I won't forget the first day I babysat them. I spent about four hours playing in the basement with Disa. I don't even know how she came up with some of the games we played! Her imagination jumped so quickly and fully into her stories that it almost seemed like she was working from a pre-determined script.
We picked up Cora from the bus stop at four and went back to the house for an afternoon snack. We all sat around the kitchen table as the kids nibbled on white chocolate-covered pretzels and colored with markers. The kids also found a great fascination with my phone. Since it was an old, barely functional phone, I let them play on it, typing letters and words into blank text messages to no one in particular (though they did send a few to my dad, Megan, and accidentally call Andy). Only four, Disa didn't really know how to spell anything but her own first name, so she simply pressed all the letter keys until she had a long string of jumbled letters that she then made me “read” and try to make some sense of. Cora, on the other hand, could write out a few more full words.
When her turn came, she spent the time laboriously typing out “I love you, _____” and filling in Disa's name, and then Will's. Then she erased the name and filled it in for the third time, with my name. I was a little taken aback. This little girl, who I had now known for barely an hour, was already telling me she loved me.
Now of course, she couldn't really truly love me. I mean she didn't know me at all. I would guess for a little girl, she more meant “I like you, you're a nice person who I currently enjoy spending time with.” But that's too complicated a thought for a little kid. So the simplest way to express those positive feelings toward a person is with one simple word, love.
I would never tell someone I had known for barely an hour I loved them. Not someone I had known for a week, or even a month. Love is something that takes time, a process of getting to know someone and trust them, care about them, and eventually love them.
But maybe that's too difficult, too complicated. There are too many steps and possibilities for love to never occur. Maybe as we mature to adults we lose too much of the simplicity of being a child.
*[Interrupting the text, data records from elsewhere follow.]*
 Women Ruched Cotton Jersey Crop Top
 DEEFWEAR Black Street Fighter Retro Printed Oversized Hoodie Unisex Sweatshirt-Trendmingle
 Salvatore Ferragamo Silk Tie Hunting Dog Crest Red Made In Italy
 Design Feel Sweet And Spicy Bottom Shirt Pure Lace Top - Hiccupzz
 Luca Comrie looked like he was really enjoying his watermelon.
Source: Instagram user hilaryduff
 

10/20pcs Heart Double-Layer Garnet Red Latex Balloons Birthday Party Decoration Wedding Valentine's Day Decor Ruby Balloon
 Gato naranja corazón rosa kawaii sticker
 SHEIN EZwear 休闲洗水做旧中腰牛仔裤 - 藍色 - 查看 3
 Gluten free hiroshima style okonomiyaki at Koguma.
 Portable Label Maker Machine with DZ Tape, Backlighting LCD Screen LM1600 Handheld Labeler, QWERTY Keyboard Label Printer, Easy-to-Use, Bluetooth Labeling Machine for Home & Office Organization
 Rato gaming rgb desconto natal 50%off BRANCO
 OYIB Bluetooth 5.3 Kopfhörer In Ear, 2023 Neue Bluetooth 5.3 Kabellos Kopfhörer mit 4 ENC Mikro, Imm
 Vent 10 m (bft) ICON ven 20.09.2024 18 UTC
Kids love easily, forgive easily. They laugh and smile when they are happy, they cry and frown when they are sad. Their feelings are not hidden, their wants and needs are made known. When they have a question, they ask it. They don't worry about what others think of them. They don't care if they are liked or disliked. If someone doesn't want to be with them, they move on and find someone who does. Worries are simple, troubles easily solved.
Of course, as we grow up, things do get more complicated. It is no longer possible to live such a simple life. Jobs, school, money, deeper relationships, cars, houses, bills, these things fill our lives, but maybe we can still learn from the kids. Let the things that truly do not matter, simply slide. Roll with the punches and stop punching back. Live, love, and laugh easily and often.